We are conditioned to believe that we must always be doing something. Improving something. Becoming something.
Even many spiritual traditions subtly reinforce this endless movement toward evolution.
From Self-Knowledge to Being
But what if the deeper invitation is something more paradoxical?
“To rest unattached in the supreme state of being, while at the same time participating in the unfolding adventure of evolution.”
Richard Rudd
To be fully here, without grasping for identity, yet still allowing life to move through us and express itself.
This paradox asks something profound of us.
It asks us to let go of the very constructs and techniques that once gave us security and identity.
And that letting go can feel like annihilation.
We must fall in love with the unknown.
We must court the disappearance of the separate self.
And then what emerges is not emptiness in the way we fear.
It is spaciousness.
Playfulness returns. The seriousness of the spiritual search softens. Life begins to feel like a great unfolding game — one we can participate in fully without becoming trapped by it.

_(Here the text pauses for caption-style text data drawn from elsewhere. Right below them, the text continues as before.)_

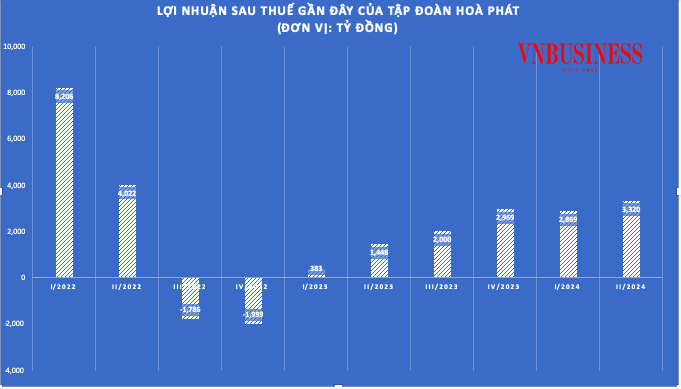 Hoà Phát rót thêm gần 20.000 tỷ đồng làm 'quả đấm thép', dư nợ tăng mạnh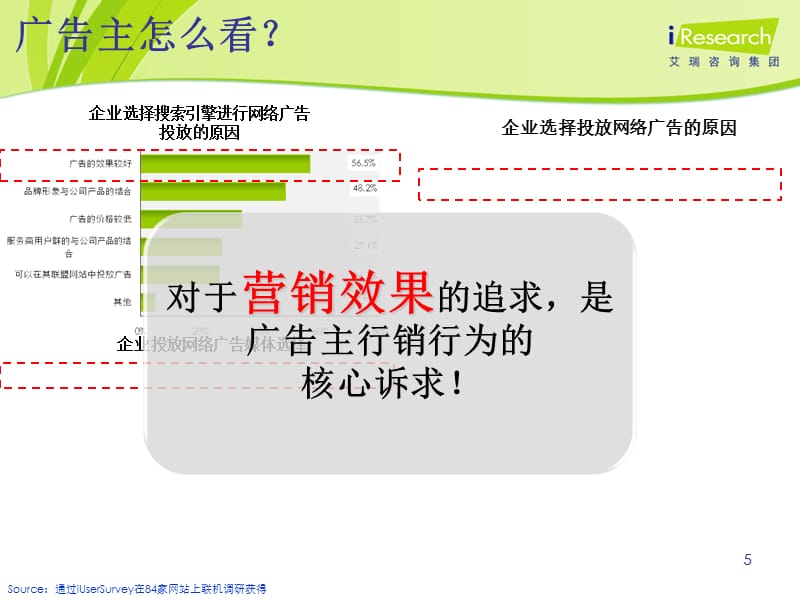 网络广告效果评估-文档资料_第5页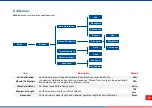 Предварительный просмотр 43 страницы TSC MH261T Series User Manual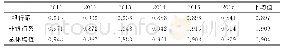 表7 样本组寿险公司纯技术效率均值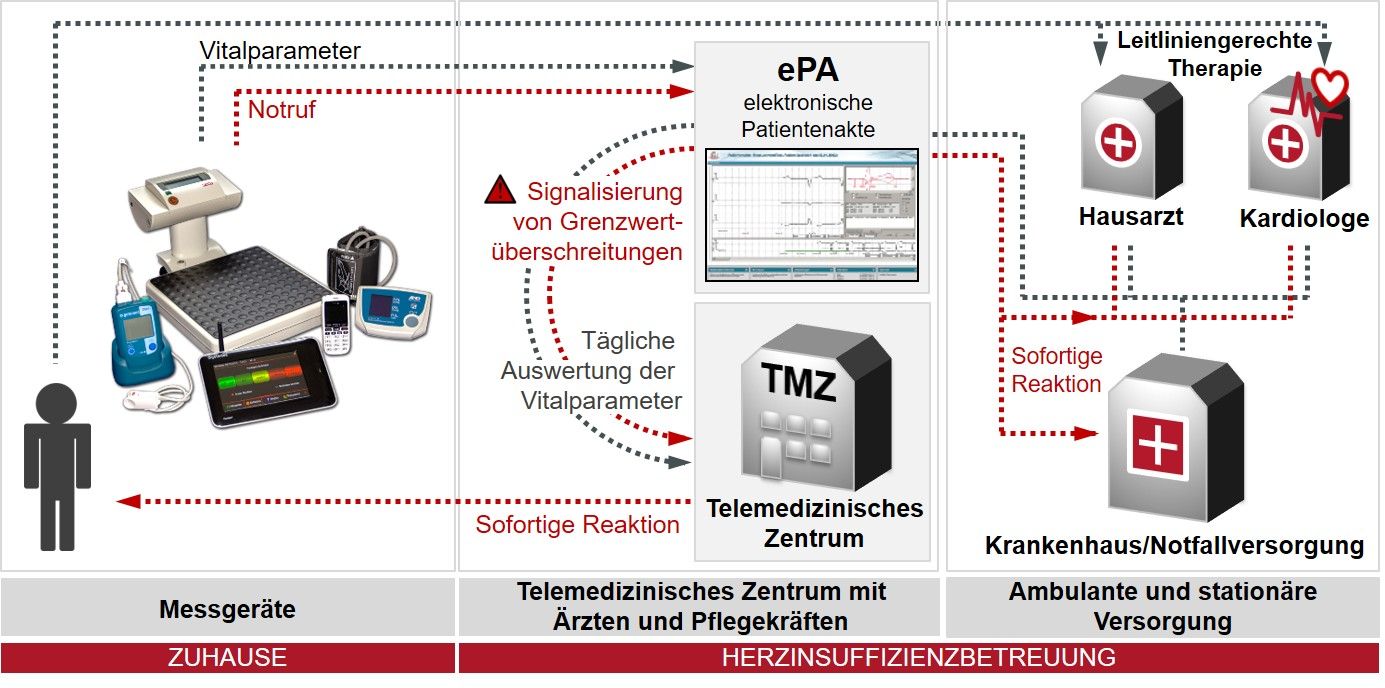 Visualisierung_telemedizinisches_Versorgungskonzept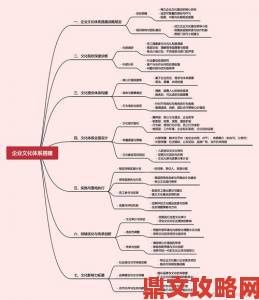 聚焦X理论和Y理论的人性基础构建高效企业文化的七步法则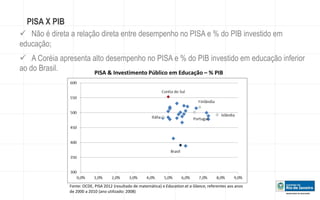  Não é direta a relação direta entre desempenho no PISA e % do PIB investido em 
educação; 
 A Coréia apresenta alto desempenho no PISA e % do PIB investido em educação inferior 
ao do Brasil. 
PISA & Investimento Público em Educação – % PIB 
Fonte: OCDE, PISA 2012 (resultado de matemática) e Education at a Glance, referentes aos anos 
de 2000 a 2010 (ano utilizado: 2008) 
PISA X PIB 
 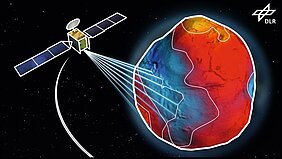 Das Sym­bol­bild zeigt ei­nen Sa­tel­li­ten, der die Vor­gän­ge im "Sys­tem Er­de” un­ter­sucht. Das DLR-SI In­sti­tut ent­wi­ckelt hoch­prä­zi­se Quan­ten-Sen­so­ren zur Ver­mes­sung der Erd­an­zie­hung, de­ren Ver­än­de­run­gen Rück­schlüs­se über kli­ma­ti­sche Pro­zes­se, das Schmel­zen von Eis­mas­sen oder Ver­än­de­run­gen des Grund­was­ser­pe­gels er­mög­li­chen sol­len. Bild: DLR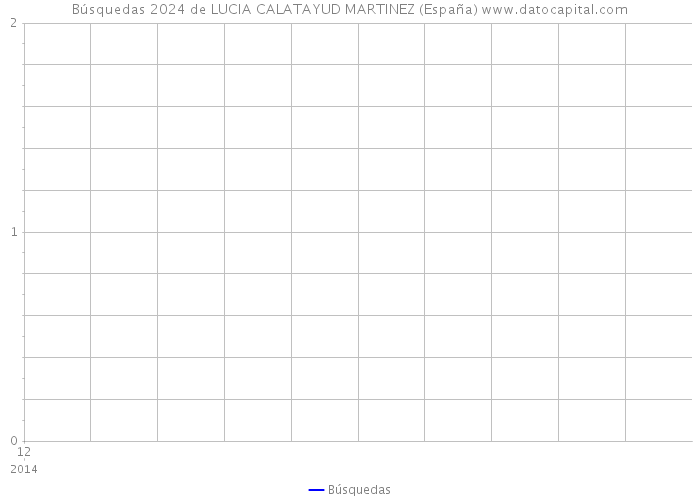 Búsquedas 2024 de LUCIA CALATAYUD MARTINEZ (España)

I am currently oscillating between the fear and the playfulness – daily!
When the Spiritual Search Becomes a Trap
We begin to see that nothing is truly separate.

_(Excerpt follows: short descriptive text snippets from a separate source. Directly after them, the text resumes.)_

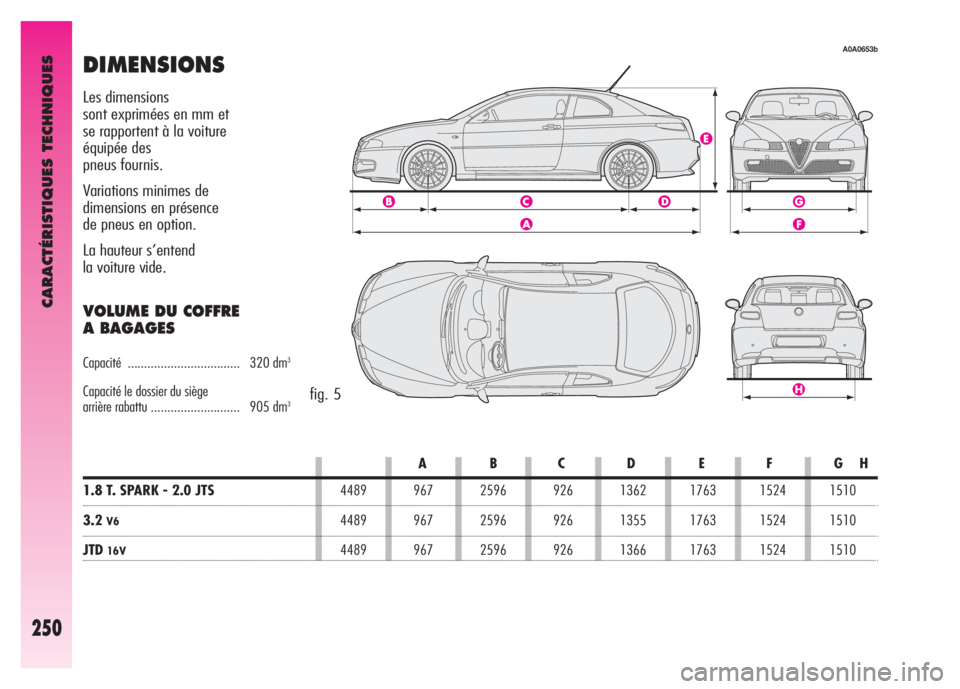Alfa Romeo GT 2008  Notice dentretien (in French) DIMENSIONS
fig. 5
ABCDEFGH
1.8 T. SPARK - 2.0 JTS4489 967 2596 926 1362 1763 1524 1510
3.2V64489 967 2596 926 1355 1763 1524 1510
JTD16V4489 967 2596 926 1366 1763 1524 1510
Les dimensions 
sont expri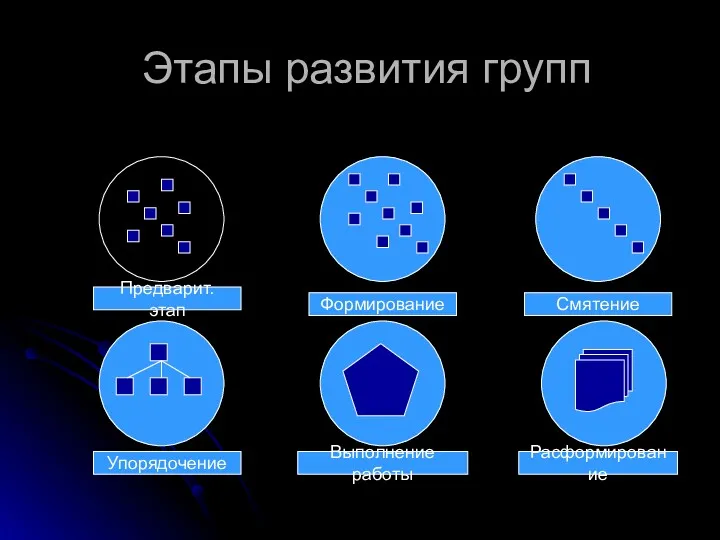 Этапы развития групп Предварит. этап Расформирование Выполнение работы Упорядочение Смятение Формирование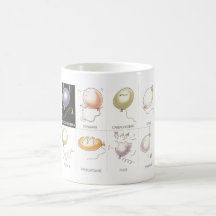 USSR CCCP Cold War Soviet Union Propaganda Posters Coffee Mugs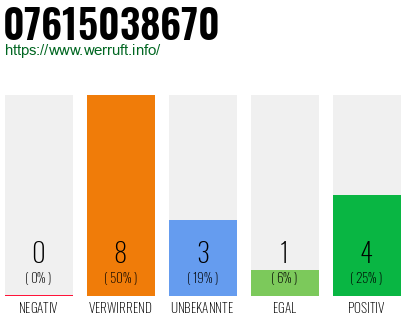 Rufnummer 07615038670 Telefonnummer 07615038670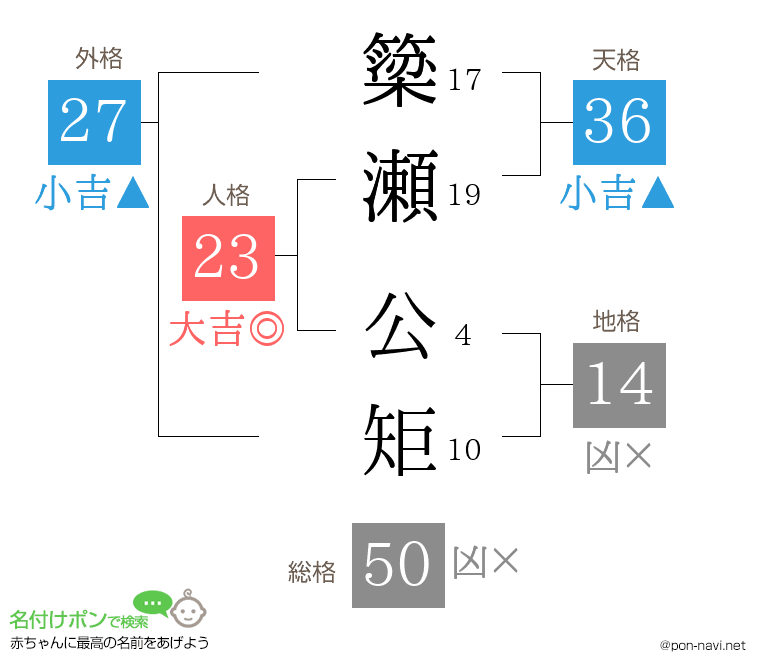 簗瀬 公矩さんの姓名判断結果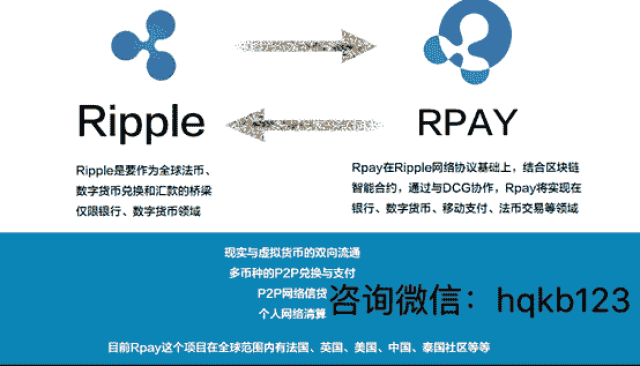 手机如何购买瑞波币(怎么买瑞波币下载什么)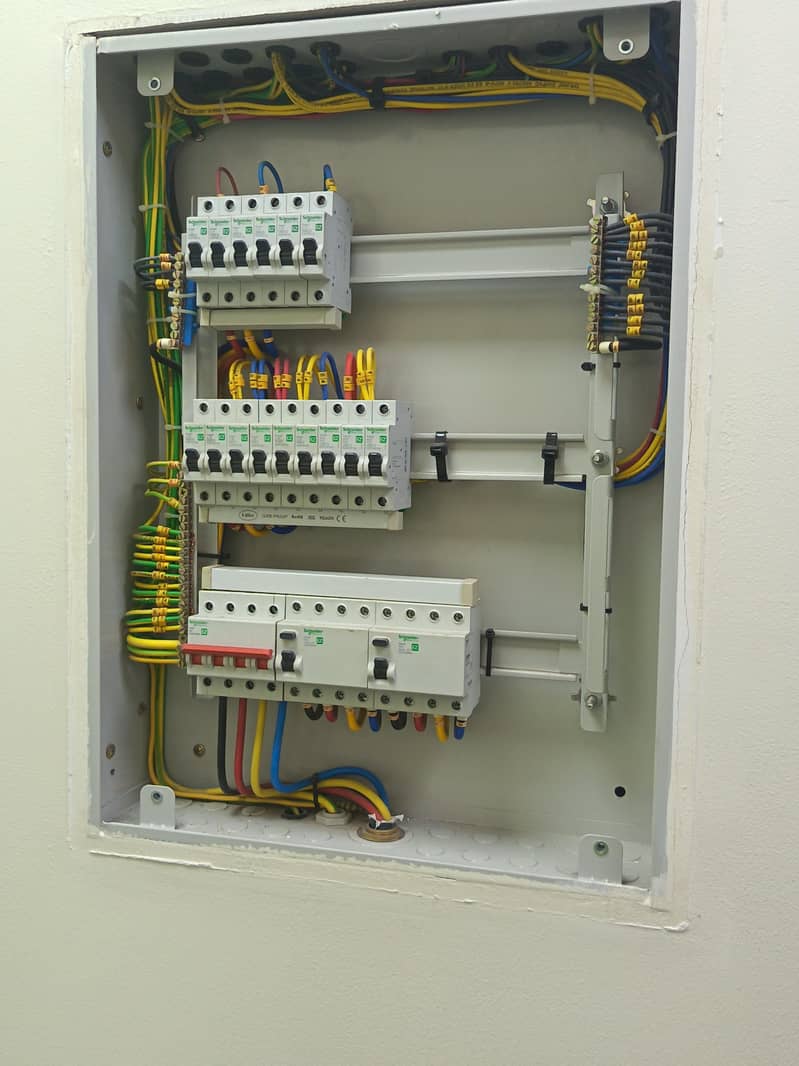 Electrician 0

Love is not something that exists outside of us. It rises from within the very fabric of being itself.
“Beneath the layers of karma, ancestral fear and inevitable childhood conditioning beats an aspect of the great universal heart.”
Richard Rudd
When this becomes more than an idea — when it becomes lived experience — the centre of gravity shifts.
As I live this journey of softening self-knowledge something quieter begins.
Being itself.
From here life is no longer about constructing a better or truer identity.
Instead it becomes the expression of something far more mysterious — the flowering of my essence through form.
Perhaps this is the real edge of human evolution.
Each of us carrying a unique expression of the same universal heart. Each of us carrying an edge of that evolution.
And our task may be simpler — and more radical — than we imagined.
To rest in being.
And from there, allow life to unfold.